Wednesday, March 22, 2006


The Road to Pretentiousness

I just bought a couple piano concertos by Lowell Liebermann. I heard the disc before and decided it was fantastic without recognizing that the music is atonal. Now I’m faced with a curious phenomenon: If I pay rapt attention to the music, it’s beautiful, but if I try to multitask (say, blogging as it plays in the background) it becomes unpleasant – disconcerting and tiresome.

Worse, now that recognize that phenomenon, I think it applies to most of the (largely complicated and unpredictable) music I love: none of it seems to do any good in the background. (Fortunately, there exist exceptions to this trend, such as classical music like Bach’s, and jazz like Pat Martino’s. Their music is still complicated and still beautiful, but it’s also in uniform and constrained enough to work well in the background.)

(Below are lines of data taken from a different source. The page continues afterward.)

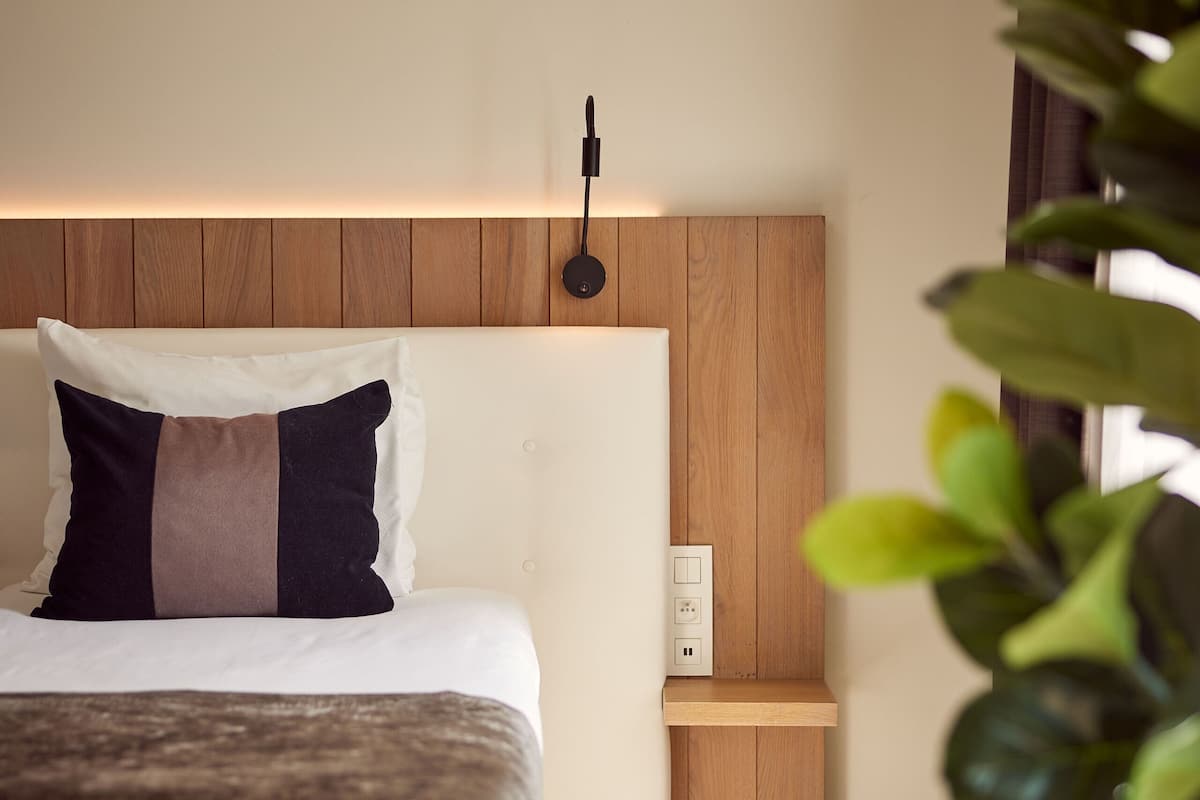 Une chambre d’hôtel moderne avec une tête de lit en bois, un lit recouvert d’une couverture marron, une table de chevet et une lampe fixée au mur.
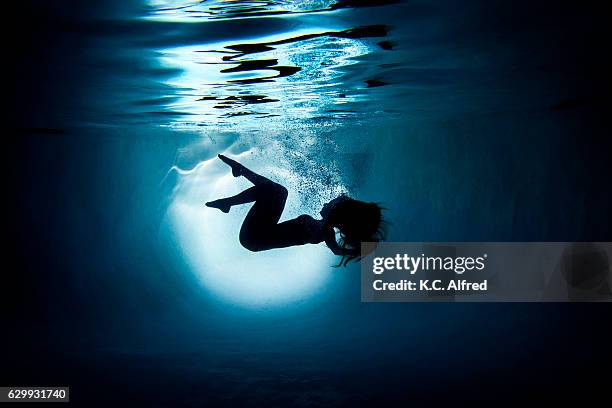 silhouette portrait of a female model underwater appearing to dance in a swimming pool in san diego, california. - kids swimsuit models stockfoto's en -beelden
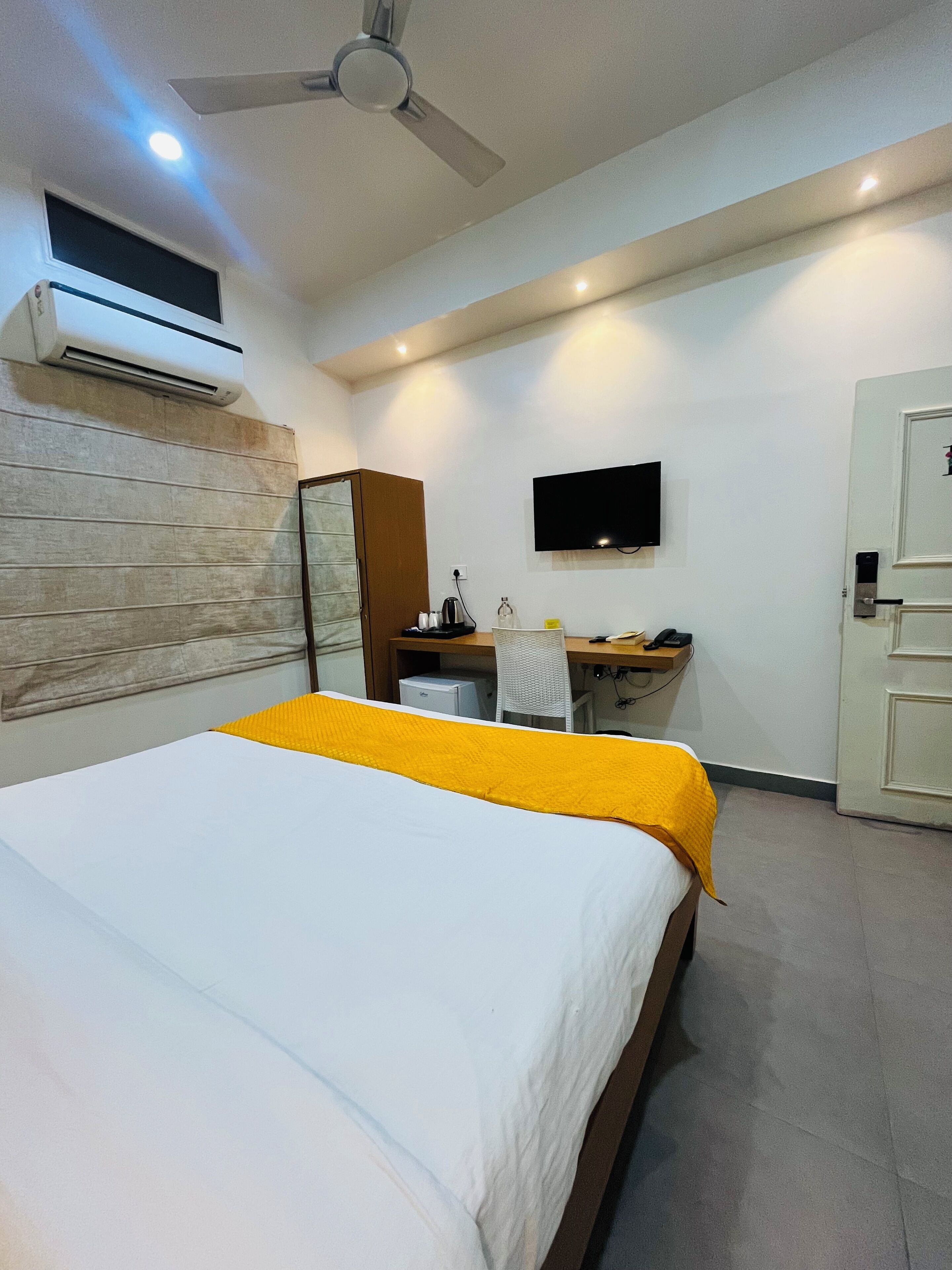 A hotel room with a bed, a desk, a chair, a TV, and an air conditioning unit.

Often, when someone reacts with displeasure to music I worship (e.g. Stravinsky, Cecil Taylor, Yes, Aphex Twin, Meshuggah) I am tempted to retort, “You’re not even trying! Give it a chance! You can’t expect the recording to do all the work for you!” So far I’ve managed to stifle it.

I’m sure there are other fun parts of the human experience that I’m missing out on because their value is similarly obscure. I don’t know whether to care.